Deep Learning
18 Jun 2019This series of posts on Deep learning is my notes on Deep learning from the course 6.S191 Introduction to Deep Learning. It is meant to be more of a personal notes so if you find something less descriptive please follow this link.
The Perceptron
Structural building blocks
A Perceptron is the fundamental building block of neural networks. The idea of Perceptron’s can be traced back to the functioning of a Neuron in animals, i.e. when activated it fires a pulse of current. Similarly, a Perceptron usually takes input, multiplies it with a weight and squashes it with a activation function, which can be represented via the following equation.
\[\begin{align*} \hat{y} = g \left(w_0 + \sum_{i=1}^n w_ix_i \right) \end{align*}\]Where \(\hat{y}\) is the output, \(g(\cdot)\) is the activation function, \(n\) is the number of inputs, \(w_i\) are the respective weights for the input \(x_i\) and \(w_0\) is the bias.
fig: A Perceptron
The vectorial representation of the above equation is given by
\[\begin{align*} \hat{y} = g \left(w_0 + \bf{X^TW} \right) \end{align*}\]The activation function \(g(\cdot)\) used are usually a non-linear activation function. A example of a non-linear activation function is the sigmoid function which is given by.
\[\begin{align*} g(z) = \sigma(z) = \frac{1}{1 + e^{-z}} \end{align*}\]fig: A sigmoid activation function
Nonlinear activation functions
Why a Non-linear activation function?
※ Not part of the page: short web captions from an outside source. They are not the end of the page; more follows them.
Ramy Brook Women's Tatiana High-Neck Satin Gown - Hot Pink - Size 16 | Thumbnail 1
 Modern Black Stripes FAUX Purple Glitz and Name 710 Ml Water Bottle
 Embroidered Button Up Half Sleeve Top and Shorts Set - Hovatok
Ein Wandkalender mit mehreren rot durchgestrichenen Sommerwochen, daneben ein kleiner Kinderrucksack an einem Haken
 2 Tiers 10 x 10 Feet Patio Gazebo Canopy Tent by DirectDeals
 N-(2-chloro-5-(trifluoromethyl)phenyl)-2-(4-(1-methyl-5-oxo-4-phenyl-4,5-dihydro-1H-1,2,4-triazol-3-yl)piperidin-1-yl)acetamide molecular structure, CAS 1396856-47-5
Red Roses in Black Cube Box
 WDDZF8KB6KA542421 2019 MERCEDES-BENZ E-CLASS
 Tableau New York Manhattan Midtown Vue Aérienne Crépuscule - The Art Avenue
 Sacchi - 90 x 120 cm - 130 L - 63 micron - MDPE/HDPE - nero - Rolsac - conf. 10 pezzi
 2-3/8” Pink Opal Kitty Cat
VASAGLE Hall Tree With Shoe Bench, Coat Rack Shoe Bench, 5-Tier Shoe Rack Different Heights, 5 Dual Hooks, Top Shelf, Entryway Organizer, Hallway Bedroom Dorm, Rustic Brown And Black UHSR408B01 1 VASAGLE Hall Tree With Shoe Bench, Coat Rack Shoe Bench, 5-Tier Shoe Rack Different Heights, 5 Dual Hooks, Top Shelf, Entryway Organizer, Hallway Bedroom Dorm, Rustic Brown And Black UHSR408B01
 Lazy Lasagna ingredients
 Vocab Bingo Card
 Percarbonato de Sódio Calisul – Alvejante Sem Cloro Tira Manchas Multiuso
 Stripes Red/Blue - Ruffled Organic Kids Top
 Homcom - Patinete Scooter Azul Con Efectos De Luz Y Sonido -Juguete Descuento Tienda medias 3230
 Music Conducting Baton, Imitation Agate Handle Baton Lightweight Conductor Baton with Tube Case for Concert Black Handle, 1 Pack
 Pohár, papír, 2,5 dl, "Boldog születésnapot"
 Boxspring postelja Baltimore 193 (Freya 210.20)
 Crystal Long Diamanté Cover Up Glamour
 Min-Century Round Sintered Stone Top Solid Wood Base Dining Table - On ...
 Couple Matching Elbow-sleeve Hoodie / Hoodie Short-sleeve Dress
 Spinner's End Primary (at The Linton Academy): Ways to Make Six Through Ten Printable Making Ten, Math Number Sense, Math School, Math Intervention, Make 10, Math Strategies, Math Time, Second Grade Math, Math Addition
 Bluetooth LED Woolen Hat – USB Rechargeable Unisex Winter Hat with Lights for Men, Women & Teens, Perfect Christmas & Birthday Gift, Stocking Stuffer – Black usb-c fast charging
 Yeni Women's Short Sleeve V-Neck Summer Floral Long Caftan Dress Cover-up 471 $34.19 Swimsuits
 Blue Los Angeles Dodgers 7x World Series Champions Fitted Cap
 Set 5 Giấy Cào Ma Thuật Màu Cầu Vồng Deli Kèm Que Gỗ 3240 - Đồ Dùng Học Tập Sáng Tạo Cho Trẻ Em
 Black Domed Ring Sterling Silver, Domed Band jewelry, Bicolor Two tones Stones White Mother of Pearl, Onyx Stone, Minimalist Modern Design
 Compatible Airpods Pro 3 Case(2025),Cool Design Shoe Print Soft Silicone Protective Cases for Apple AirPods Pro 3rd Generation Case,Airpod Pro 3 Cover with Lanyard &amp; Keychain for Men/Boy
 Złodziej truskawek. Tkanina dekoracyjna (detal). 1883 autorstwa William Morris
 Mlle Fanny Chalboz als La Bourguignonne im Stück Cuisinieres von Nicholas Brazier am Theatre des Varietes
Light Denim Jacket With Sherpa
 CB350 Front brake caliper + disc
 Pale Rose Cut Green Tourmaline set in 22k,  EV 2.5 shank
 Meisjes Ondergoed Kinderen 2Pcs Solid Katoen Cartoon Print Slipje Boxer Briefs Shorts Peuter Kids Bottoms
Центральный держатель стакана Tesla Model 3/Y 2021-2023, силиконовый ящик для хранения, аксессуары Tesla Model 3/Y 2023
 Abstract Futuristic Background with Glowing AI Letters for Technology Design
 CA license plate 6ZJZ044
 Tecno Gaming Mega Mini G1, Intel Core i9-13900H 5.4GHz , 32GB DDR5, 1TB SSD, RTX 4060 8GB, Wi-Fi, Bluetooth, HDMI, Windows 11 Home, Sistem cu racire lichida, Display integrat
The whole purpose of activation function is tp introduce non-linearities to the network. A linear activation function produces a linear decision boundary. As we know all the real world systems are non-linear it makes much sense to use a non-linear activation function.
Here are some activation functions with their use code in Tensorflow.
fig: Common activation functions
Neural Networks
Although a single perceptron can work as a classifier on its own, it cannot generalise well and leran complex features of problems. Thus the need to have a neural network which is constructed by stacking units of perceptron together.
Stacking Perceptrons to form neural networks
Here is a example of a multi-output Perceptrons.
fig: A Multi-output Perceptron
A Feed Forward Neural Network is a network with layers of perceptron connected from one layer to another. Here is an example of a Neural Network with a input layer connected to a hidden layer, which is then connected to a output layer which contains multiple output. This is called as a single layer Neural Network.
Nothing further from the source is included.